The Court’s narrow decision addressed only one specific regulatory approach—advance restrictions on licensed mental health providers—and left untouched the broad array of legal tools such as malpractice and consumer fraud laws that protect LGBTQ youth and hold conversion therapists accountable for the harm they cause. As the decision today makes clear on p. 21, “a traditional malpractice action” remains viable and does not implicate free speech.

I encourage you to read NCLR’s full statement about that decision and/or to listen to NCLR Legal Director Shannon Minter’s interview on NPR about the case. Yes, this is bad, but the ruling has limits, and NCLR and others are deploying a number of strategies to continue protecting LGBTQ youth.

Must Schools Tell Parents the Names and Pronouns Students Use in School?
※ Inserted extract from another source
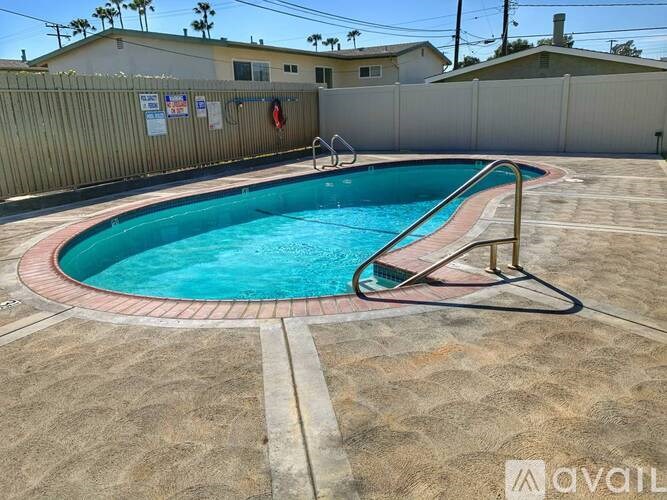 A small pool with a red and white striped pool ladder.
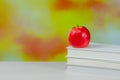 Stack of white books with juicy fresh apple on desktop over blurry autumn background. Back to school Royalty Free Stock Photo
And in one piece of good news, the Supreme Court this week refused to take a case (Foote v. Ludlow) in which parents of a Massachusetts middle school student argued that teachers and counselors should be required to tell parents when a student uses a different name and/or pronouns at school. That leaves in place a U.S. First Circuit ruling (PDF) in favor of the school’s policy not to tell parents without first obtaining the student’s consent—a policy developed because “s]ome transgender and gender nonconforming students are not openly so at home for reasons such as safety concerns or lack of acceptance.”

As GLAD Law Senior Staff Attorney Chris Erchull said in a statement:

Supporting students means taking their specific circumstances into consideration, including the student’s age and concerns about abuse or rejection, and empowering them to share important parts of themselves with their families on their own terms. The lower courts rightly found no constitutional mandate that schools automatically disclose such information without the student’s consent.

Hear, hear. As a parent, I’ve always hoped my son (who is now grown) would not be concerned that I would ever reject him, no matter what his identity, but if he ever was afraid of my response, or just needed some time to figure out how to tell me, then I would not want his school to step in. Parenting is a constant process of learning to let go as our children grow into their independent selves, and “parents’ rights” should never trump young people’s safety and healthy development.

(Disclosure: I am an unpaid, volunteer member of Family Equality’s Communications Committee.)